Caption-style text data:
☆ ☆ ☆ ☆ ☆
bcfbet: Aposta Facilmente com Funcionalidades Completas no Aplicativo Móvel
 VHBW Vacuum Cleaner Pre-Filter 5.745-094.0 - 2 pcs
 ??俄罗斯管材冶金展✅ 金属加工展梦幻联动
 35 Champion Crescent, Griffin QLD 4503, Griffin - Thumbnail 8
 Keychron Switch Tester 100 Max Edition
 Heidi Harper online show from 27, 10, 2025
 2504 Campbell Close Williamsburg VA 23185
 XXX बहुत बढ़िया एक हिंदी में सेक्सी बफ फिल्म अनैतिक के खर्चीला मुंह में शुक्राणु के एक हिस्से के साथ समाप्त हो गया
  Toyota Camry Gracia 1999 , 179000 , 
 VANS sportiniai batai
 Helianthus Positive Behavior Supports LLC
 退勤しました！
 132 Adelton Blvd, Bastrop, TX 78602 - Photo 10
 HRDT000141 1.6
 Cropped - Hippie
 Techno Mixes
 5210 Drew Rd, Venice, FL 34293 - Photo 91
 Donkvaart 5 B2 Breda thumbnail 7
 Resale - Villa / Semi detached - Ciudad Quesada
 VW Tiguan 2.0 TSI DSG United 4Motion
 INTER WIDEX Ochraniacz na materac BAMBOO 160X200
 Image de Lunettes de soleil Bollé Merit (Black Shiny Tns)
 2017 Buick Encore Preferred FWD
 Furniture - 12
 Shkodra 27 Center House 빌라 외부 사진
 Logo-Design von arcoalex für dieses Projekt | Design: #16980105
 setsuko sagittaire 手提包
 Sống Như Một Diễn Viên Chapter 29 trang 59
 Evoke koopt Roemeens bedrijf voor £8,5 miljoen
☆ ☆ ☆ ☆ ☆
Exactly one number is the expected answer: the count of lines in the entries where the word "Photo" is found.

2